■ TASK ■
From the records below, please print only the lines from the one containing "Day of the dead sculpture" through the one containing "Young skier descending", both included. Skip the pictures.

■ STORED DATA ■

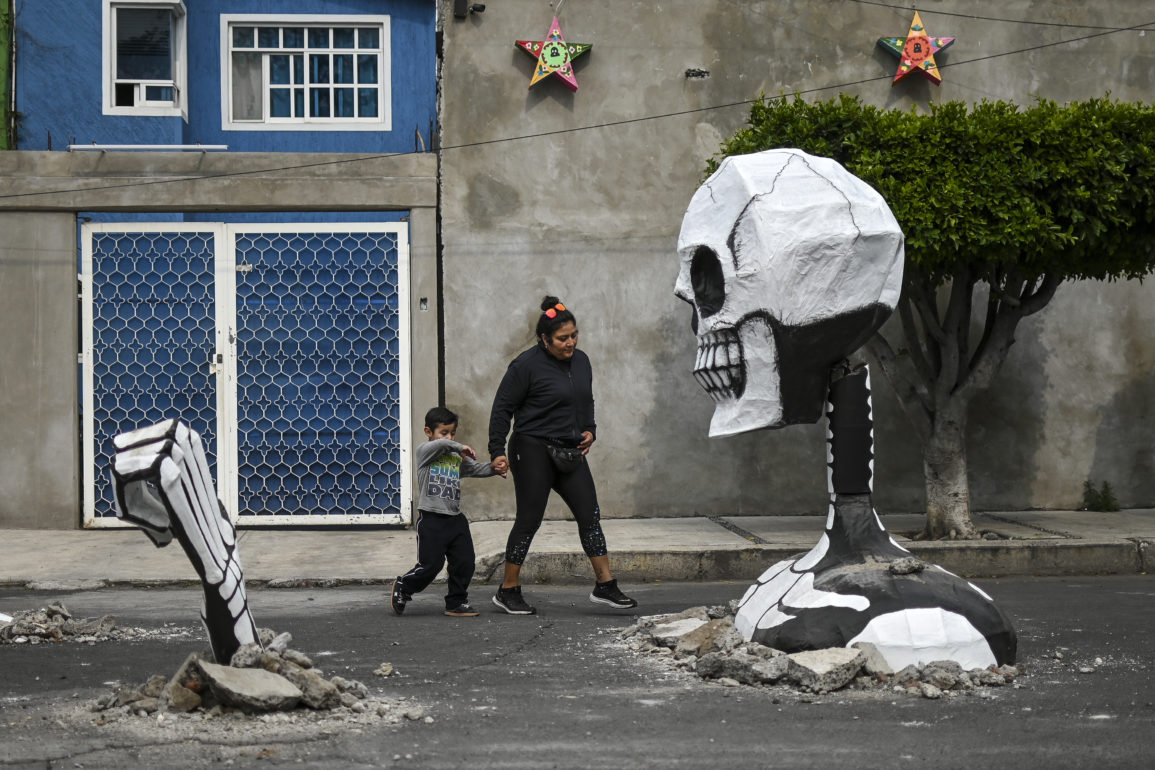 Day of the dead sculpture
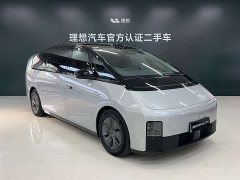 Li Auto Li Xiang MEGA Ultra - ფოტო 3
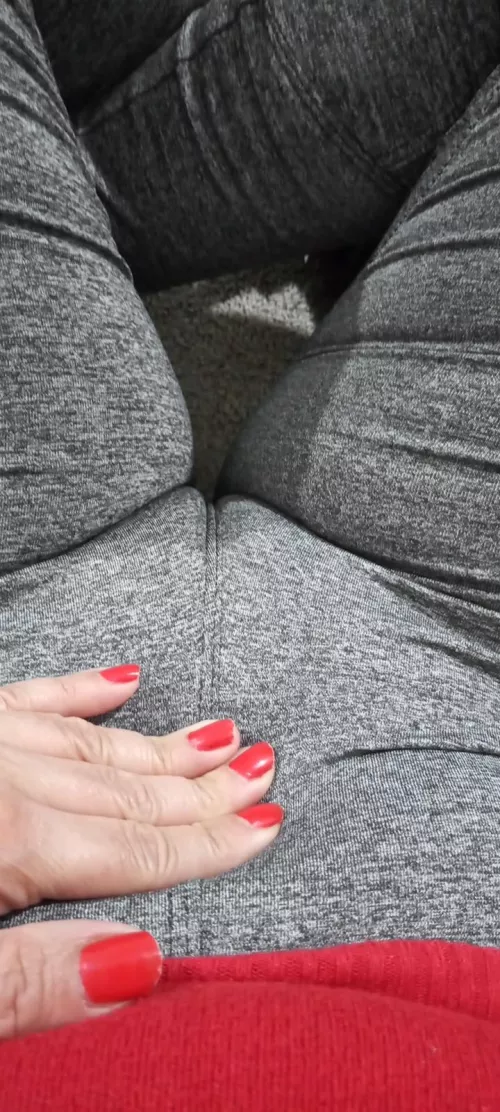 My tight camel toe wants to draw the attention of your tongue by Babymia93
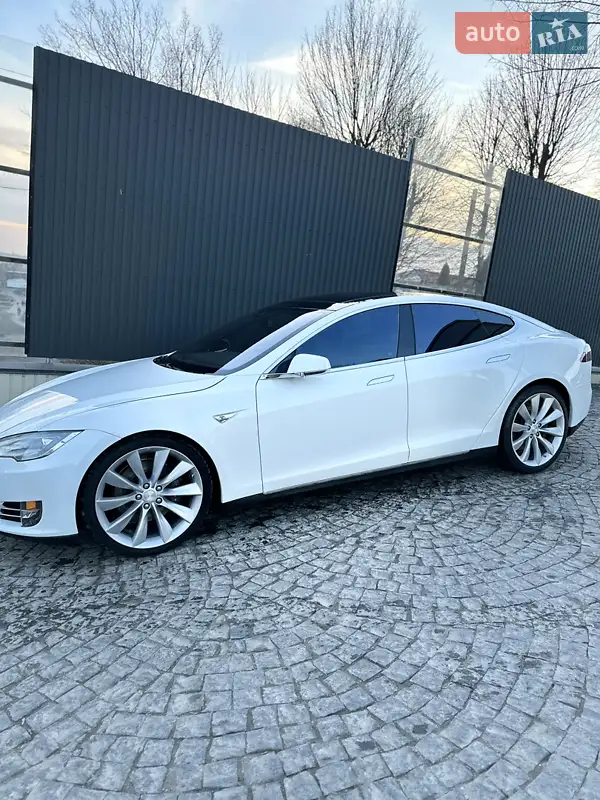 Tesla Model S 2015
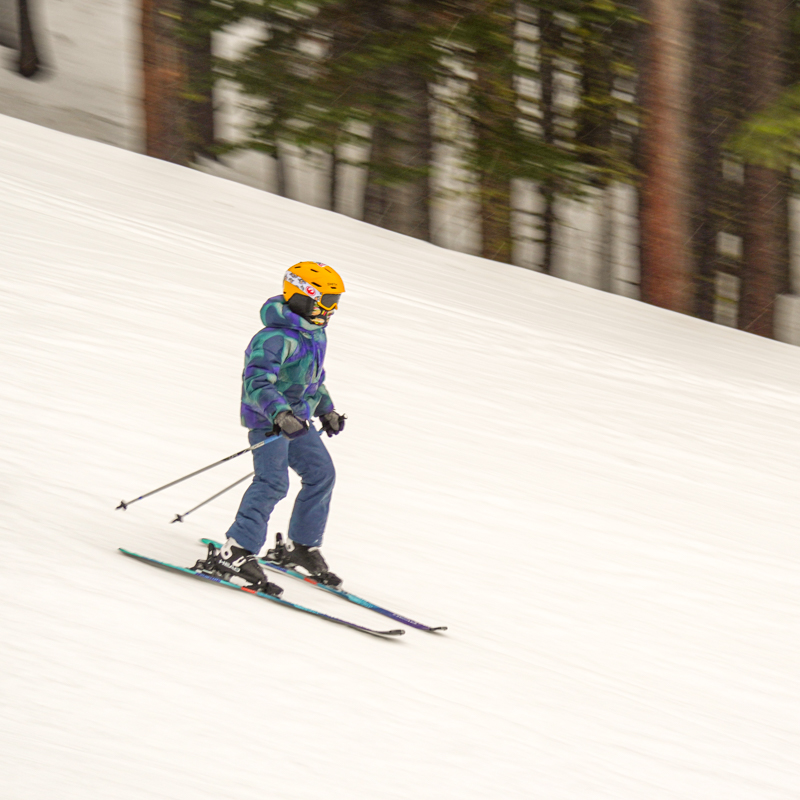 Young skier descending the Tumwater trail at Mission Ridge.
* * *
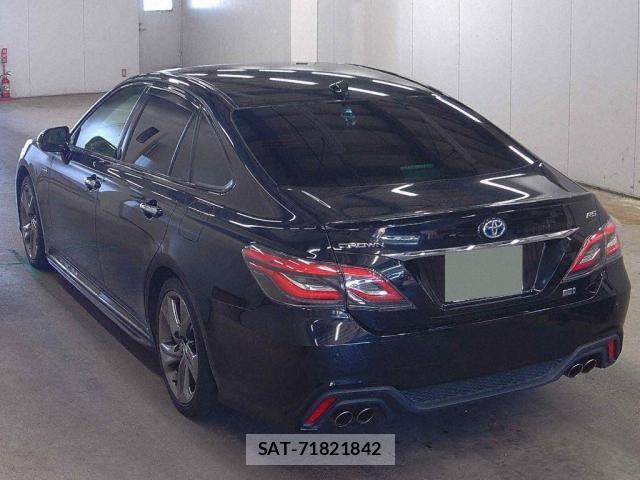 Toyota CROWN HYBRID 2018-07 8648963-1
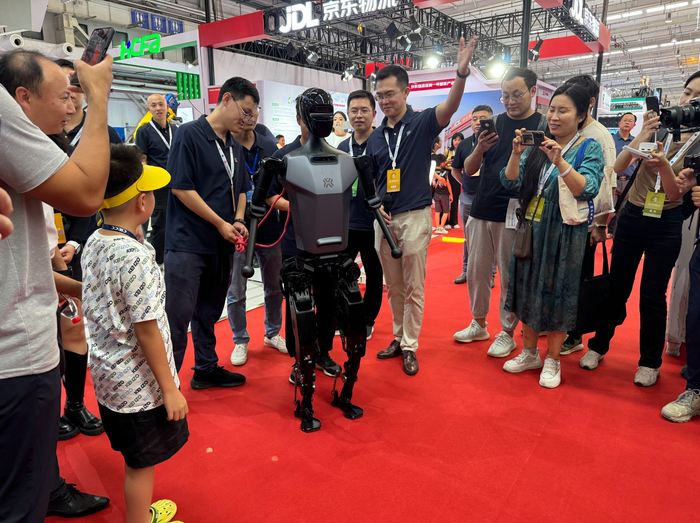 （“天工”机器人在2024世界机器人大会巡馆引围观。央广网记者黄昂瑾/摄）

■ ANSWER BELOW ■
 Day of the dead sculpture
 Li Auto Li Xiang MEGA Ultra - ფოტო 3
 My tight camel toe wants to draw the attention of your tongue by Babymia93
 Tesla Model S 2015
 Young skier descending the Tumwater trail at Mission Ridge.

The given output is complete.